Even if we part ways, even if we may call it quits, still the journey with you is a legacy. Guess what, even today when I stand at the window of our “ready to collapse house of love”, I only see “love”, still left in us. I don’t see future, but I see the finest sides of life. You are the cuckoo of the spring, no matter how many springs I’ve already spent inhaling other flowers or watching the other birds, I will still fall for you. And you will make me realize, what a life changing experience it is to listen to cuckoo’s song for the first time at the advent of the spring!
Pic courtesy: Fanpop
Dear bad boy,
None can describe you; you are beyond words.
None can bless you; you are beyond blessings.
None can fight with you; you are beyond war.
None can win you; you are beyond defeat!
You don’t let anyone touch your soul. You are like an oozing river, carrying so many stones inside; those stones of indifference, lost love, hatred, loneliness, withdrawal and betrayal don’t let you settle.
I know you. I know that you want to carry a bird’s nest on your head. Your eyes cry of love, not dusts. Your heart is broken and beyond repair. Your home is broken long ago. Still, you crave for motherly touch, a lovely land, a homemade meal and a shelter when the sky is really overcast.
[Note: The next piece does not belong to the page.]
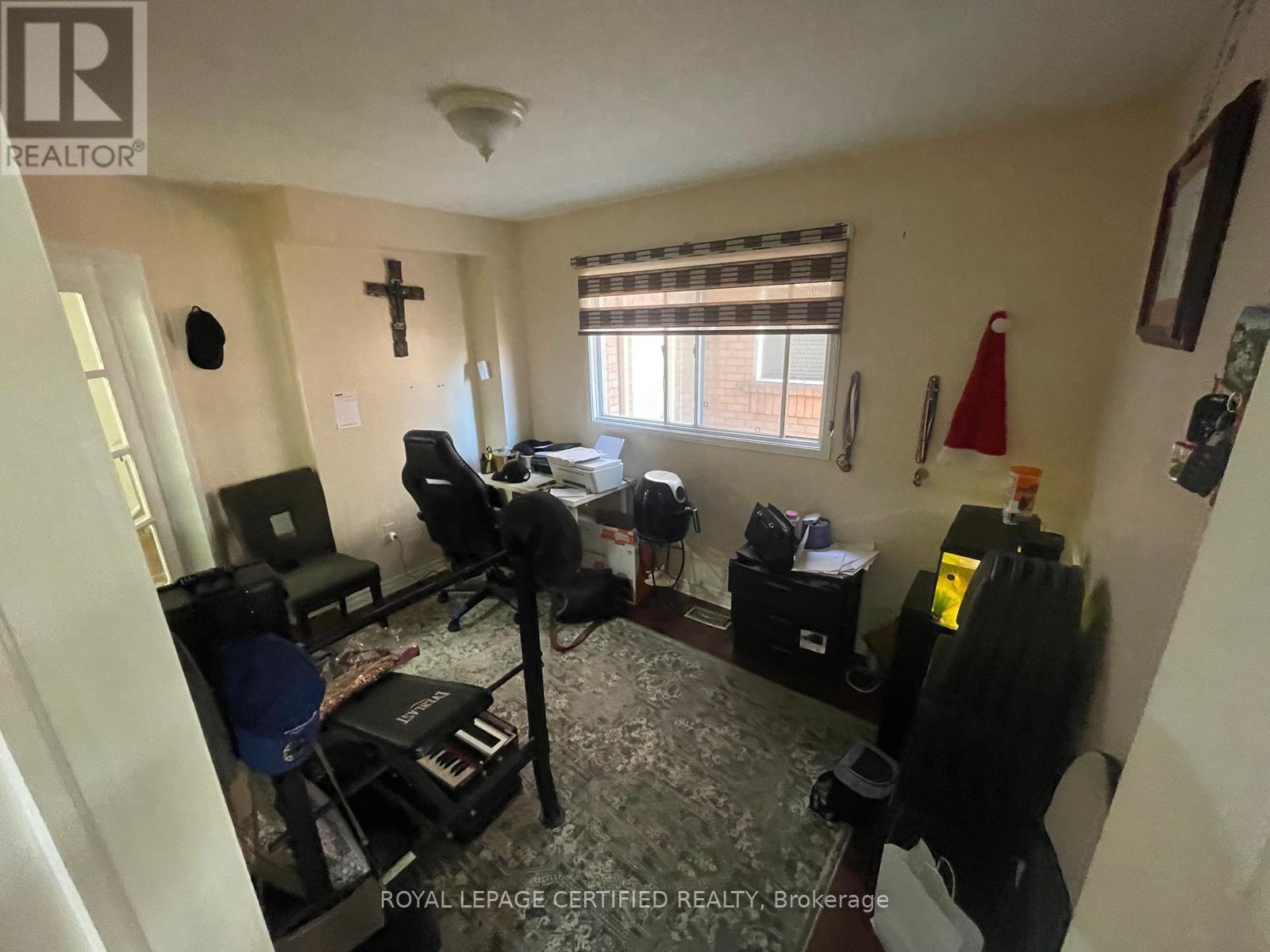 42 Wooliston Crescent, Brampton, ON - Indoor Photo Showing Other Room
You crave for a home, a sweetheart to return to at the end of the day. The reality is very cruel. Here, a bad boy has to be bad in every sense. Our society will always tear of the flower inside you and make you a cactus.
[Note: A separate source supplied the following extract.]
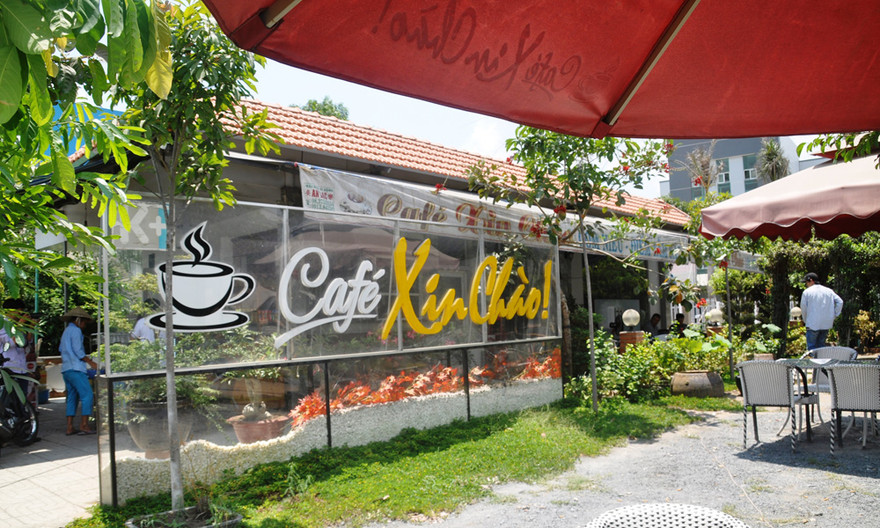 Quán cà phê Xin chào. Ảnh Việt Văn.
So, I have a request. Please carry the flowery heart always. Never let people fully know you; let them judge you from distance. And you carry on being the fresh raindrop of early monsoon!
Someone still sees good in you!
Diary of a jerk:
The crazy winds grazed my face adorably, the first ray of the morning sun invaded my eyes and some morning birds kept chirping. On such a cloudy morning I discovered myself in bed with my ex. I opened my doped eyes and felt like I was just dropped from the sky! It is a very natural feeling when you wake up after long. And I slept like eternity! Slowly the memories of yesterday evening along with the steamy night came before my eyes and I sighed. I searched for the packet of cigarette and her solemn face caught my eyes. Once again her sweet face made me forget what I was searching or what I was thinking.
I looked at the walls; the tiny bulbs are still twinkling. The windowpane is also glittering, bedecked with tiny raindrops. The posters laughed at me. And I looked at her sleeping face. I gazed as if she is the sleeping princess and I am the prince charming to wake her up! Her lunar tattoo on neck greeted me a good morning. Slowly, my eyes rolled into the room, the floor…the paper rolls are still scattered, the empty bottles are lazing away the time. They too probably are quite surprised seeing us together.
I remembered how I met her last night, how she was crying, how I took her home…my home! I remembered how we powdered our noses and drank hard liquor as if there is no tomorrow. And then, like two highly reacting chemicals, we mixed up in bed. Thunders were deafening, lightning was loud and it rained torrentially. We both bafflingly tried to invade and console each other. I wonder how I am still alive after taking so many drugs together!